Novels already reviewed here

Far To Go, by Alison Pick. For me, the most pleasant surprise of this year’s longlist — I didn’t even know this Canadian novel was eligible. Pick’s book was one of my choices for last year’s Giller and I was disappointed when it missed that longlist, so this belated recognition of a very good book is welcome. Her story is a version of the Kindertransport saga, the 10,000 Jewish children (including the author’s ancestors) who were “rescued” and placed with families in England or North America. The novel is delivered with both passion and compassion and Pick does not hesitate to bring its implications into the present day — the effects of Kindertransport are still present in her family as they are in others, so that is relevant. An entirely worthwhile choice.

The Stranger’s Child, by Alan Hollinghurst. In a longlist dominated by surprises, this novel (together with Sebastian Barry) was the only “obvious” choice that made it. Hollinghurst also is the only one of the five or six previous Booker winners to make the longlist (Ondaatje, Enright and Swift are among those who did not). Having said that, I did not like the book — Hollinghurst’s prose for me was tedious and over-bearing turning its 550+ pages into a chore. It is only fair to note that those who like the book (and I am definitely in the minority) find the writing to be its major asset — I tried to include enough quotes in my review to at least allow visitors to make an assessment.

Pigeon English, by Stephen Kelman. Quite frankly, the presence of this novel on the longlist causes me to question this year’s jury’s definiton of “literary” fiction. A debut novel, it is lightweight and entertaining, in its way, but hardly the kind of fiction that is going to be attracting attention even a few years down the road. It is the story of a killing on an English council estate, told from the point of view of a pre-adolescent Ghanaian boy who is “investigating” it. Then again, my review compared it to last year’s Room and that novel certainly appealed to prize juries in a number of competitions.
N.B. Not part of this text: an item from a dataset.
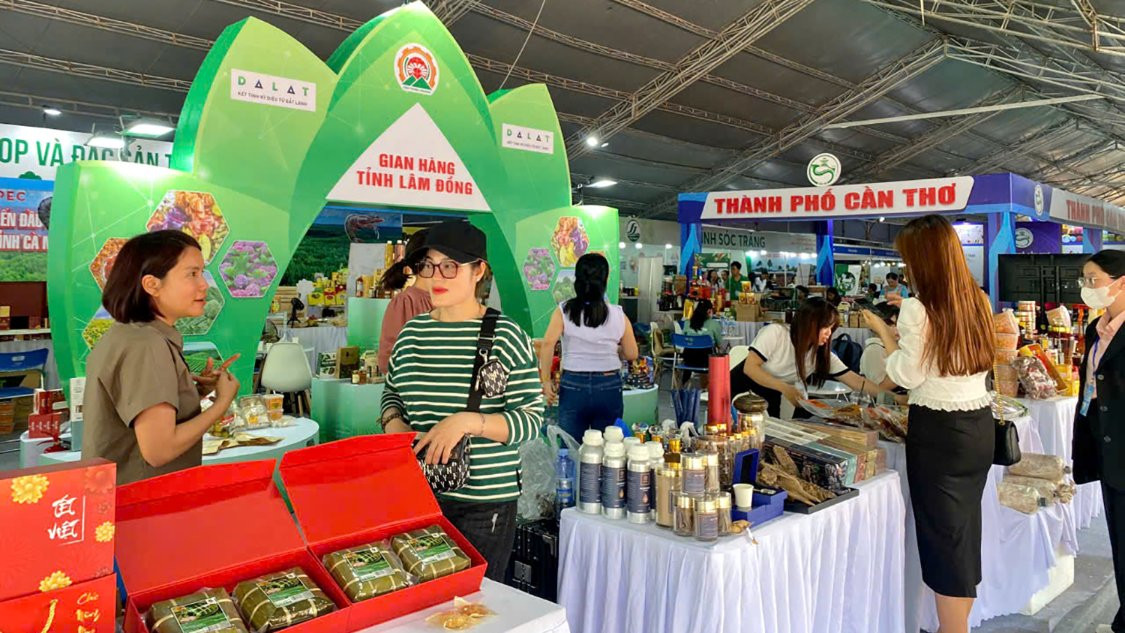 Hơn 2.000 doanh nghiệp tham gia kết nối cung cầu hàng hóa tại TP.HCM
The Sense of an Ending, by Julian Barnes. (EDIT: Review is now up here) Literally the only book on my personal 2011 Booker longlist (since I didn’t know Alison Pick was eligible) that the jurors chose. It is a slim volume — 150 pages — told in the first person as an aging male character looks back on some not-so-pleasant youthful memories. Not an uncommon literary conceit, but Barnes delivers on it very well, although the fact that I fit his character’s demographic probably influenced me positively.

The Sisters Brothers, by Patrick deWitt. House of Anansi sent me a review copy of this a while back and I have been saving it for pre-Giller reading — so now I’ll have to move it forward to Booker longlist reading, a tribute to deWitt. The opening description of the book: “Oregon, 1851. Eli and Charlie Sisters, notorious professional killers, are on their way to California to kill a man named Hermann Kermit Warm. On the way, the brothers have a series of unsettling and violent experiences in the Darwinian landscape of Gold Rush America.” From that short description, you can probably understand why I didn’t think it would be a Booker contender.
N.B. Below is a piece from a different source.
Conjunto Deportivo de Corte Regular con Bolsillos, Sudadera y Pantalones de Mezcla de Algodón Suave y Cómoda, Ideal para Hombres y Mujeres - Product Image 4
Longlist titles to be reviewed later

On Canaan’s Side, by Sebastian Barry. Along with the Hollinghurst, the only “cert” that did prove to be a cert. Barry was shortlisted (and expected to win) with The Secret Scripture a few years back. The description of this one (it will be released in a couple of weeks) promises familiar territory — opening in First World War Dublin, the central character, Lilly, emigrates to America in “a novel of memory, war, family ties and love”. We’ve all read Irish novels with that description before, but those who have read Advance Copies of this one say it is very good — definitely a favorite for the shortlist.

Jamrach’s Menagerie, by Carol Birch. Booker judge Susan Hill left a comment on the forum a few months back about an excellent book that had a dreadful cover — speculation is that this is the book. The book opens in London in the mid-1800s and its central character is rescued by a circus owner; the description says it then moves on to a ship headed to the Indian Ocean. I should say that a number of readers whom I respect were very enthusiastic about this novel.

Half Blood Blues, by Esi Edugyan. By far the biggest surprise for me on the longlist — I do track Canadian books and I have not heard a boo about this one since its release in February (and I had to order a copy from the UK today because none were available in Canada). Set in pre-war Berlin and wartime Paris, but viewed from some decades on, the description promises jazz and the jazz culture as the unifying theme. Territory that has been tread in novels before, for sure, but perhaps worth visiting again.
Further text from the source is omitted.